But you made some very good points that MUST be emphasized and not glibly passed over.

Always cover bare metal with an epoxy primer - to seal any body fillers away from the metal. Then allow enough time for the body filler to dry, shrink etc.

I put the itallics on the item that is still being actively discussed and even argued about amongst auto body workers. You can derive your own opinion by searching as I did.

But you should always cover bare metal with an ETCHING PRIMER. Most commonly available Epoxy Primer IS self-etching. There are brands of Epoxy Primer that are NOT self-etching, but these are usually special purpose primers and or filler primers.

Allowing enough time for the body filler / glaze / red-cap / primer / sealer to properly cure is critical. Far too often the imperfections visible in the reflection of the finished and polished paint are due to the base materials shrinking AFTER the job was done.

While there are minimum times after which you can continue with the next product to go on the car, these times are subject to a lot of factors that can just as easily EXTEND those minimums to where they become problematic. There are also maximums, but any time you're working a project to where it becomes critical to monitor the time between one step and the next...you better have LOTS of experience and knowledge of what you are doing.

This applies not only to allowing filler to set properly, but also when to "skin-scratch" the filler to allow it to release any trapped reactants that would be otherwise trapped in the filler. Do this too early and you'll literally peel the filler off the car, do it too late and it won't scratch and you'll gum up the first couple sheets of sandpaper until you get past the "skin". Try to apply primer on top of filler that hasn't had time to cure and "de-gas" and it may cause the primer to craze, blush or even trap the reactants in the filler which will end up shrinking later...and you'll have a nice "lilly-pad" in the middle of your paint job.

When you see a paint job that is less than 5 years old - with the body work bubbling up.. you're usually seeing the effects of body fillers that were not sealed away from the metal - or body fillers that were used to fill holes that should have been metal patched. When you see fine cracks in the body fillers, it is usually because not enough time was allowed for the filler to dry/shrink completely (90 days isn't unusual in the better restoration shops and many allow 120 to 180 days)

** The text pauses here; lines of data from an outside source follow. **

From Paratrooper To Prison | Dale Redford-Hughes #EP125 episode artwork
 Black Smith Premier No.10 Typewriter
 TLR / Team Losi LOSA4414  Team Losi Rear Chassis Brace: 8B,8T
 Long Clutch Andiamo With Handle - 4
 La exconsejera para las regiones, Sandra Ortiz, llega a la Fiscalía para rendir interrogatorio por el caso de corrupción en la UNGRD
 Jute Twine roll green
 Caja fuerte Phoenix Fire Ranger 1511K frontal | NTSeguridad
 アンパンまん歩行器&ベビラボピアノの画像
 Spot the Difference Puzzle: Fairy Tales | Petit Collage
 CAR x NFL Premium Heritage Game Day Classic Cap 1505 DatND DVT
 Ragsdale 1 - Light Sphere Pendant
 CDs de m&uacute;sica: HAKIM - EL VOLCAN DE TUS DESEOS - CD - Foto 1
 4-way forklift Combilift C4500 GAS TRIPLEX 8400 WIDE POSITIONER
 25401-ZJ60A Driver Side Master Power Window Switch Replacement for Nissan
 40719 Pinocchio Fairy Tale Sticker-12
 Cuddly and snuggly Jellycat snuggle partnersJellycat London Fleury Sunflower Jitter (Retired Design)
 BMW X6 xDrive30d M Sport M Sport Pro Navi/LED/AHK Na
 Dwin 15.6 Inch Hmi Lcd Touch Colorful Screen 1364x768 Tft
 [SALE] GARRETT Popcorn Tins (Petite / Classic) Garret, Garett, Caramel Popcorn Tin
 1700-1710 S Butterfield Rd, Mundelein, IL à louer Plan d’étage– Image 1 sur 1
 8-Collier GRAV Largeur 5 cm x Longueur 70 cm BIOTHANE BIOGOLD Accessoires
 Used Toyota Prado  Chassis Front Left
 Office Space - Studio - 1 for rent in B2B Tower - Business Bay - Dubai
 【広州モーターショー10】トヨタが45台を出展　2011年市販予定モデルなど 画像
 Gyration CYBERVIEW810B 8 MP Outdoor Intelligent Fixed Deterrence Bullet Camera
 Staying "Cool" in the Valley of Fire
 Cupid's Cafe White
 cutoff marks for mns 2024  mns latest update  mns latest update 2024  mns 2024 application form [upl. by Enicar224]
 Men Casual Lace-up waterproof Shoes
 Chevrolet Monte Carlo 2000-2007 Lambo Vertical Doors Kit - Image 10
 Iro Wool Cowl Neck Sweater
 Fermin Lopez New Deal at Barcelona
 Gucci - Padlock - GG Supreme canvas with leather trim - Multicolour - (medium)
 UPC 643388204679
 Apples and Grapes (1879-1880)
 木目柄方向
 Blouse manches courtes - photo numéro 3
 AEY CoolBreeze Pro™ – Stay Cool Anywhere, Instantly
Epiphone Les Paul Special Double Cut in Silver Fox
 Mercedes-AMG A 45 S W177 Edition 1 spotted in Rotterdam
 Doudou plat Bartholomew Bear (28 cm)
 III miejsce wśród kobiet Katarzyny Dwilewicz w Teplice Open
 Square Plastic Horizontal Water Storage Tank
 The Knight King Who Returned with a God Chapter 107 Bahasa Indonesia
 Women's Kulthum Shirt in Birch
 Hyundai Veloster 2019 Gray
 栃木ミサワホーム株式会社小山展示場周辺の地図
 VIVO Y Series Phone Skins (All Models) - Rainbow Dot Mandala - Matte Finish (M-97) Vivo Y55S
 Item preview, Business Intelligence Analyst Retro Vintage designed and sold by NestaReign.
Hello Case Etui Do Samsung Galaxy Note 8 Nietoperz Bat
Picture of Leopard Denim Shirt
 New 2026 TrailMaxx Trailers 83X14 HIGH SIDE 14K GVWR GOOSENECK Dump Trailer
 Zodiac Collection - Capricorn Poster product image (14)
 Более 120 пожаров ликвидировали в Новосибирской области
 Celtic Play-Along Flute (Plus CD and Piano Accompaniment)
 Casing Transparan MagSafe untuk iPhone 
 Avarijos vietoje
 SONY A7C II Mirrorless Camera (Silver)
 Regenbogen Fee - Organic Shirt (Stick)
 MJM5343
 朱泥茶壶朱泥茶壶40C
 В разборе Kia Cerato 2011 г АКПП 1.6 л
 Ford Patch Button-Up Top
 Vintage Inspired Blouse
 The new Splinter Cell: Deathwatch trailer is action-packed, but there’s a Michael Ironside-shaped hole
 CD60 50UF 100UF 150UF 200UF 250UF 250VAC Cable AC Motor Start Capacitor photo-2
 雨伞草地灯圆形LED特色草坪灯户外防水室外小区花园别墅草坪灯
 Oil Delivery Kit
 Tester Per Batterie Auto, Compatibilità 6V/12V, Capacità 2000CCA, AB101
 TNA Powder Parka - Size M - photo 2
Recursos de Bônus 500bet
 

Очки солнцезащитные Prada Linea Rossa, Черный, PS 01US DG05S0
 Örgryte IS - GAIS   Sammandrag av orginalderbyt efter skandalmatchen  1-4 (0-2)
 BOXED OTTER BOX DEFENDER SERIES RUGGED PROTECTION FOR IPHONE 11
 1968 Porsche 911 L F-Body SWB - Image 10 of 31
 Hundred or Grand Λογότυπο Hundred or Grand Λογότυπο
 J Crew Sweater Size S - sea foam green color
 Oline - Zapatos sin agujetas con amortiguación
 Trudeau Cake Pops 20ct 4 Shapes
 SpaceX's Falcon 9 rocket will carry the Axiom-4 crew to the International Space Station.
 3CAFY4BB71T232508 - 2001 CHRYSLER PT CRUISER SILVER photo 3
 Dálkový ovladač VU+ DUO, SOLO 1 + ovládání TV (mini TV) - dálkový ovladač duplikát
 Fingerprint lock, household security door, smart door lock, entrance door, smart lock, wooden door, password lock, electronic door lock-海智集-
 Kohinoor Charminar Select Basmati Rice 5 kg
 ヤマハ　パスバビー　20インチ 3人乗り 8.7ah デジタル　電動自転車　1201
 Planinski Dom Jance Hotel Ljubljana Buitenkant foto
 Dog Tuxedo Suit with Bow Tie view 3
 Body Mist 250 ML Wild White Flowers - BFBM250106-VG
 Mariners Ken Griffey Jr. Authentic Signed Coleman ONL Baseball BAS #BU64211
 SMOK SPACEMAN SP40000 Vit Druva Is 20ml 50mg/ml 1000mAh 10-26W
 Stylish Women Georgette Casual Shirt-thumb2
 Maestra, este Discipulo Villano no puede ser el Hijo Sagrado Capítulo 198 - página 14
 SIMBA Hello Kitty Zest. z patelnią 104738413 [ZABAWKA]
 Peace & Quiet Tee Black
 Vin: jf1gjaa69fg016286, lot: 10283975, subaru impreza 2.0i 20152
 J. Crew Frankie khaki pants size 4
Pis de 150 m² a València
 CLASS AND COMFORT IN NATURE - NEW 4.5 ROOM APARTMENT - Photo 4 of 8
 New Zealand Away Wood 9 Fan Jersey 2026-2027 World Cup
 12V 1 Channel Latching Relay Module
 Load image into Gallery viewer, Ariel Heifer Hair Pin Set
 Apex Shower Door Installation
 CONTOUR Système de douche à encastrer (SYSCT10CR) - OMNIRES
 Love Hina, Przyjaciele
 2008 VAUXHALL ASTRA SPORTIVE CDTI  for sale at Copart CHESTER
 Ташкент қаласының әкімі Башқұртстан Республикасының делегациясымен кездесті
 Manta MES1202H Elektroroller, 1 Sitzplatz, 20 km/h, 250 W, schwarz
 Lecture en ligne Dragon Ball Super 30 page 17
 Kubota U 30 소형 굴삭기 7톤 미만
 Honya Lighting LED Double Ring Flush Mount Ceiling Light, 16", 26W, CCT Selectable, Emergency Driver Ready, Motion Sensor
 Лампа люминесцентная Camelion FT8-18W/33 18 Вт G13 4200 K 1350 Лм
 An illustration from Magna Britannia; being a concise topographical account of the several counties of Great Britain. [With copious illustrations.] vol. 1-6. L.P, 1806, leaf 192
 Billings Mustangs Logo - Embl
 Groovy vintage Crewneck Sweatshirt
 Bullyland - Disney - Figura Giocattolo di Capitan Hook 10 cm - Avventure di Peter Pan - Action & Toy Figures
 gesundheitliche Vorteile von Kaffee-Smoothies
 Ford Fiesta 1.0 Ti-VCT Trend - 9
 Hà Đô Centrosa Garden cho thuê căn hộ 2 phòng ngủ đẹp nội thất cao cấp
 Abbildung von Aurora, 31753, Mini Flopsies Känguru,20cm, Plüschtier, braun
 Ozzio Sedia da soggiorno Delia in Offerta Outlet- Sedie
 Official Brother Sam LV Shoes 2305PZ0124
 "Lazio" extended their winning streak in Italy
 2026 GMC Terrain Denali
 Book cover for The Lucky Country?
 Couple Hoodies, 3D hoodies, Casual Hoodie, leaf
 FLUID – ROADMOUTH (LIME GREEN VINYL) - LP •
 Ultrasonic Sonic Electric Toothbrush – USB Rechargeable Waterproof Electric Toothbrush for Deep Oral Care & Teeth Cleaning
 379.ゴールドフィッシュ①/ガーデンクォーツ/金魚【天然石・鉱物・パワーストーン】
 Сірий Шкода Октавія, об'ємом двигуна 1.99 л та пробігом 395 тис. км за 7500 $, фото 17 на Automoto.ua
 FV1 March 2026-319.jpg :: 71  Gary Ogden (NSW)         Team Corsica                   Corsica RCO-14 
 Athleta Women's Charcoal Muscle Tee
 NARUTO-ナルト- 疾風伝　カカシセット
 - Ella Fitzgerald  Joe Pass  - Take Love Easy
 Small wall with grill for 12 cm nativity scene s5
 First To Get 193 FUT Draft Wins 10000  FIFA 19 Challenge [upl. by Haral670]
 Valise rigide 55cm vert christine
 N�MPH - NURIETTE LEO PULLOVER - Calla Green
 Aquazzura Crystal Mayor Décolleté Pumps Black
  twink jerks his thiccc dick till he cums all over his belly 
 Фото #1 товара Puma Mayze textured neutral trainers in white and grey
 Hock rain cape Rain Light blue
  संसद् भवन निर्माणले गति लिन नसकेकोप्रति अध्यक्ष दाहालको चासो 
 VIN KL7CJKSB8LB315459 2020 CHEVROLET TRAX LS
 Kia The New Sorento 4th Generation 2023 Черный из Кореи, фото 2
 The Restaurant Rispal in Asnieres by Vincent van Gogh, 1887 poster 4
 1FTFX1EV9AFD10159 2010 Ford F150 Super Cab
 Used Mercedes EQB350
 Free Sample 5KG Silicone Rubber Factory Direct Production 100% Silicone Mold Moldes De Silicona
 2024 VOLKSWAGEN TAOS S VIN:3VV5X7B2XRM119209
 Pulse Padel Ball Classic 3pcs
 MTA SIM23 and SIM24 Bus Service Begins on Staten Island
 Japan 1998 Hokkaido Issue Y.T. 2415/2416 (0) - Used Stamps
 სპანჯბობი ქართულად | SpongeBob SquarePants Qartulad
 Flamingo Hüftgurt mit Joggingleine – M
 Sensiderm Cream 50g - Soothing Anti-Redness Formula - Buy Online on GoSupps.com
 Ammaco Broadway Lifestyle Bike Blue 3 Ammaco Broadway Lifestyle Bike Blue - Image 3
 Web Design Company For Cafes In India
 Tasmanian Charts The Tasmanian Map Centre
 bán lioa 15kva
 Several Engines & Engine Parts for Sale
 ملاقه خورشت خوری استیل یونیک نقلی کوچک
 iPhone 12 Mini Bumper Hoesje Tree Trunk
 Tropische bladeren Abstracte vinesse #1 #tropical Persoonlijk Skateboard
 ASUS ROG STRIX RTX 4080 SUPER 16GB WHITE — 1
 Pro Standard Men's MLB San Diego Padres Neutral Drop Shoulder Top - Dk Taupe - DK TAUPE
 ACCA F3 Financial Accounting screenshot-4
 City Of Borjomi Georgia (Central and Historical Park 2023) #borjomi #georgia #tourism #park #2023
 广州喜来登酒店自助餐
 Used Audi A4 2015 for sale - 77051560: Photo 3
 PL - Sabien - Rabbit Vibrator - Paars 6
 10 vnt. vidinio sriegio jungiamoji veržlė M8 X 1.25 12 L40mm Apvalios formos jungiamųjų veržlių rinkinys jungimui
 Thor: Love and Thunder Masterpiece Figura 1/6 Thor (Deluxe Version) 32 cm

Itallics mine. Underlined mentioned below.

Body filler exposed to the air, whether it is on the outside of the vehicle or on the inside i.e. the back side of the metal, is literally like putting a salty sponge on bare metal. IT WILL RUST!!! This is not an Urban Legend, it happens, it's been documentd and will continue to happen as long as people think the holes are necessary to make the filler "grip better".

I mentioned the problems with short-cutting time frames above, and while I differ with the time periods that Carl mentioned, if you have the room and can keep the car moisture free and temperature stable....there is nothing wrong with waiting that long. In fact, I can readily see why they would choose to wait that amount of time, at the rates they're getting, they do NOT want to have to get a job back for re-work.

However, from my experience, proper maintenance of a dry environment, and stable temperature; most products need only a couple of weeks or so to fully de-gas. You must take proper precautions and properly protect the surfaces so you're not complicating the issue. This is why you'll see Infra-Red Lamps being used...not for powder coating, but to ensure the panel/filler/primer/sealer/epoxy doesn't cool down too rapidly.

The basic point is: ALLOW TIME FOR THE MATERIALS TO FINISH THEIR CURING PERIOD. Read the instructions!!

Glazing Putty, aka "Icing", is different from "Red Cap".

Red Cap was a slightly different formulation of basic red oxide primer, in a thickened paste. Red Cap required very long and temperature stable curing periods before you could sand it. You typically applied this OVER primer to smooth out the last of your filler work scratches and minor imperfections. I would wager that the larger portion of "lilly-pads" visible out there are due to too hasty sanding of Red Cap than Body Filler not having had time to cure. Red Cap was basically designed to be wet-sanded and to smooth out the very top of the primer.

Icing on the other hand, is basically a different formulation of body filler. Typically it has less talc and more of the polyester filler, which gives it a runny consistency more like honey, or syrup than filler. But, like filler is a polyester base that requires a peroxide catalyst to "cook" it. As Carl mentioned, it sands VERY easily, and generally flows very easily to 'self-level'. Don't use coarse grit sand paper with this stuff and there are people who would rather wet-sand it and allow for plenty of water drying time. The rep I talked to mentioned 180 grit, and my paint guy said 220/260. I've done both but in different applications, but not on the same job nor in the same time of year (temp/humidity WILL affect how quickly the filler / glazing sets).

But, hopefully, I tap-danced my way out of trouble and re-emphasized the main points in Carl's post.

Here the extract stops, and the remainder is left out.